Interdisciplinary team works to 4-D print metals and alloys
A team of researchers from the Department of Materials Science and Engineering and the Department of Industrial and Systems Engineering at Texas A&M University is collaborating to 4-D print nickel-titanium shape memory alloys.
The research group is comprised of Dr. Ibraham Karaman, department head and Chevron Professor I; Dr. Raymundo Arróyave, associate professor, materials science and engineering; Dr. Ji Ma, assistant research scientist, Texas A&M Engineering Experiment Station; and Dr. Alaa Elwany, assistant professor, industrial and systems engineering.
"Our goals are to achieve the ability to manufacture 'smart' monolithic metallic structures that will respond to stimuli over time and have a different location-dependent stimulus response within the same part," Elwany said. "In our case, this is retaining their original shape upon being subjected to a temperature stimulus."
The structures are considered "smart" because they can change their physical shape or properties on demand when a stimulus, such as a temperature change or magnetic field is applied.

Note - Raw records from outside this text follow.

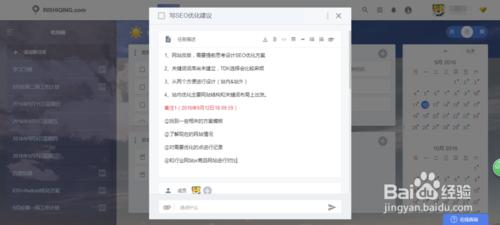 GTD時間管理執行方法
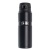 Купить Thermos "King" Термос для напитков 0.71л, время сохранения тепла/холода 18/24ч, Black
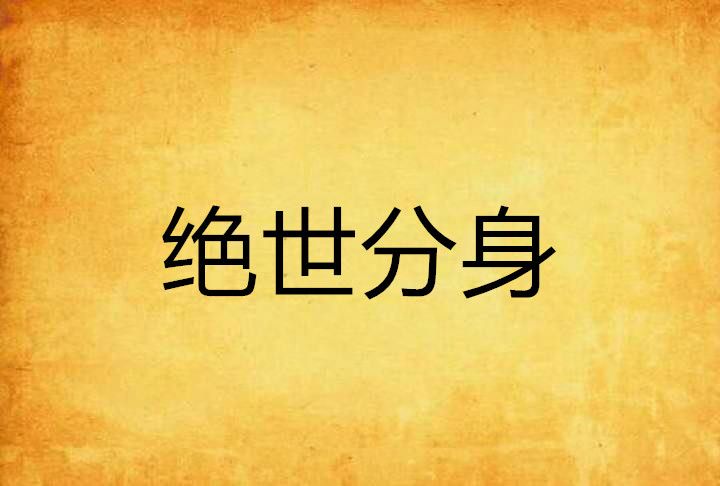 絕世分身 絕世分身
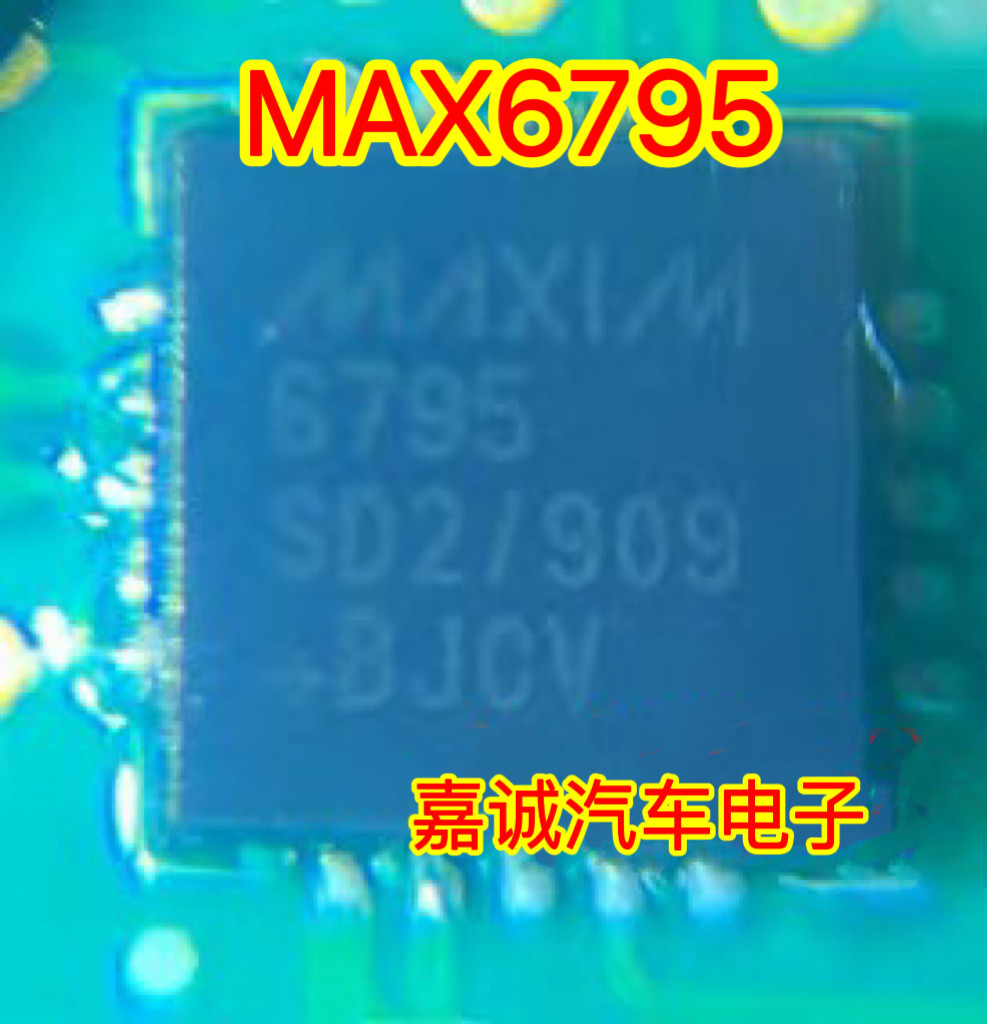 MAX6795SD2 MAXIM6795 北汽新能源EV160 150 ECU电源稳压器IC芯片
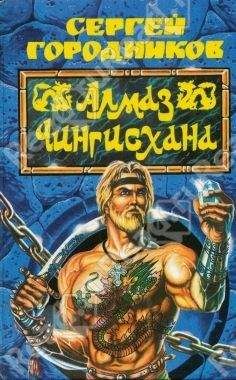 Сергей ГОРОДНИКОВ - ЛЕЙБ-ГВАРДЕЕЦ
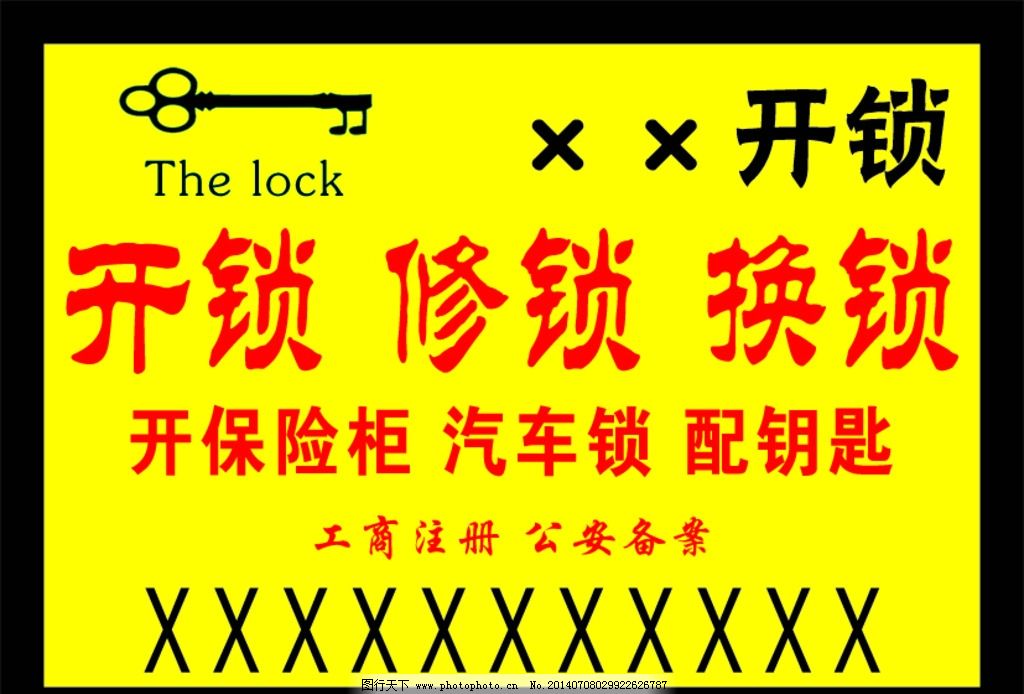 开锁服务 便捷与安全并重的选择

"In this case, our material has a 'remembered' shape," Ma said. "If you bend it out of shape, the material will go back to its original shape after being heated."
While other work has been conducted in this area, the materials previously tested returned to the remembered shape after heating to one specific temperature. The team's work now makes it possible for different parts of the same piece to return at different temperatures. This provides the ability to create devices that can assume multiple different shapes at different temperatures.
The team has also expanded on previous work by going beyond simple material shapes, such as wires, to more complex shapes due to the properties created from the various processing parameters used in the 3-D printing process. As a result of their research, this is the first time complex materials with multiple programmable shapes have been possible.
"The next step is to actually develop a framework for the design of shape and functionality and, from the design specification, determine the required materials and processing conditions," Arróyave said. "This is a very, very hard problem that requires considerable development of new computational, experimental and statistical tools and we have the team to carry it out."
"The team we put together to execute this challenging problem includes experts in shape memory alloys, materials processing, additive manufacturing, and computational materials and process design," Karaman said. "By controlling the local properties of the structures and grading the functionality, we take the conventional 3-D printing processes converting them into '4-D printing' technology."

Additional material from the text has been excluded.